Re: [htdig] Infinite loop problem with htdig


Subject: Re: [htdig] Infinite loop problem with htdig
From: Geoff Hutchison (ghutchis@wso.williams.edu)
Date: Fri Jun 09 2000 - 14:30:31 PDT


On Fri, 9 Jun 2000, Joe Baker wrote:

> 12555:121140:3:http://www.amnestyusa.org/countries/colombia/index.html/actions/r
> eports/blueprint/reports/blueprint/reports/blueprint/reports/blueprint/reports/b
> lueprint/reports/blueprint/reports/blueprint/reports/blueprint/senate12221999.ht
> ml:
>
> The actual directories are /home/aiusa/public_html/countries/colombia/actions
> and /home/aiusa/public_html/countries/colombia/actions

Sigh. This is a problem from a broken link and a webserver
misconfiguration. You probably have server-parsed pages (SSI) turned on,
right? The problem is that the HTTP spec allows the server to pass along a
virtual directory PATH_INFO to a CGI or server-parsed page. You'll notice
that if you try that URL yourself, it does actually work on the
server--most people would naturally expect a 404 or for the bit after the
index.html to be ignored.

So neither the server nor htdig is doing anything "wrong." It's just that
htdig can't dectect that it's in a loop because the URLs are different.

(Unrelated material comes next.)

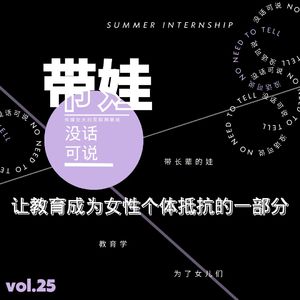 带娃｜让教育成为女性个体抵抗的一部分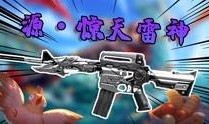 大聪明手游爆料视频大全,精彩内容抢先看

If you don't use server-parsing on your .html files, turn it off!

> We are just trying to index our own server. Is there a fix for this? A
> configuration option that I'm missing?

It will still need some HTTP access from time to time, but this will might
solve your first problem too. (Since local pages are obviously not
server-parsed. :-)

You want attributes like local_urls (and maybe server_aliases too):
<http://www.htdig.org/attrs.html#local_urls>
<http://www.htdig.org/attrs.html#server_aliases>

--
-Geoff Hutchison
Williams Students Online
http://wso.williams.edu/

------------------------------------ To unsubscribe from the htdig mailing list, send a message to htdig-unsubscribe@htdig.org You will receive a message to confirm this.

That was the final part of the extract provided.